At $100 million, this is on the lower end of the aforementioned average costs for biosimilar production, but still within the range. So what are the chances of success?
“Other States Might Go: ‘Oh Wait, I Could Do That Too’”
Paul Williams, the head of the Center for Public Enterprise, a US think tank that promotes public option goods and services along the lines of what California is planning, says the state is picking a fight with some real bruisers.
“The Big Three have gone toe-to-toe with folks like Merck, with Indian generic manufacturers, who have much more experience with this sort of thing than Sacramento — and won,” he told Jacobin. Merck is the seventh-largest pharmaceutical company in the world, and one of its major products, Januvia, is one of the biggest selling diabetes drugs worldwide, albeit not an insulin.

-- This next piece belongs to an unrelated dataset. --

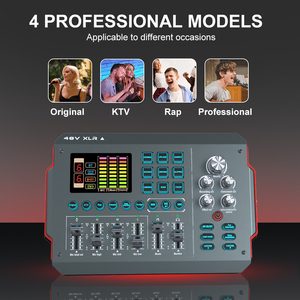 Huayi giọng nói M16 RGB PC Card âm thanh podcast giao diện âm thanh podcast Microphone Tai nghe Card âm thanh podcast thiết bị Kit cho Live - Product Image 3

“They’ve got game. If they can price out a hulking beast like Merck, they’re probably confident they can do the same with the state of California.”
But Williams believes the concept is sound and that California, as the most populous state in the union, has a better shot than maybe anyone else. Even more important, other potential competitors like Merck and Indian producers of generics that were squeezed out are also for-profit companies. A state can weather the storms of losses in a way that for-profits cannot.
If CalRx’s insulin gambit succeeds, it would force other suppliers to permanently drop their prices to compete.
“The idea of a public option got a bad rap from Pete Buttigieg when he was talking about it as an alternative to Medicare for All,” adds Williams. “But that was in the context of trying to defeat a far better alternative that already demonstrably works in many other countries.”
So imagine: a state-owned insulin company acts as a public competitor aiming to euthanize the rentier in oligopolistic markets. It succeeds in sharply reducing insulin pricing and breaking the back of the insulin oligopoly — securing a massive, high-profile victory that demonstrates the public sector’s efficacy after decades of neoliberal demonization of economic planning and public ownership.
“Other states might go: ‘Oh wait, I could do that too? And for other drugs?” says Williams. “CalRx can operate as a demonstration project, showing the feasibility of public enterprises, which can then begin to expand to not just other drugs, but also other sectors, de-risking innovation, smoothing out price volatility, overcoming supply chain shortages — in other words, shaping markets rather than just letting them rip.”
Of course, lots of questions remain. Will CalRx’s insulin be restricted to the Californian market, and therefore only drive these price effects in the Golden State? Could the Golden State join up with the likes of Michigan and Maine to spread lower insulin prices nation- (or even world-) wide?
What responsibility does California have to the rest of the country? To the rest of the world’s insulin patients? If California were to sell its insulin outside its borders for profit to help fund the nonprofit program in the state, it would begin to have an interest in high prices elsewhere — no different from the Big Three.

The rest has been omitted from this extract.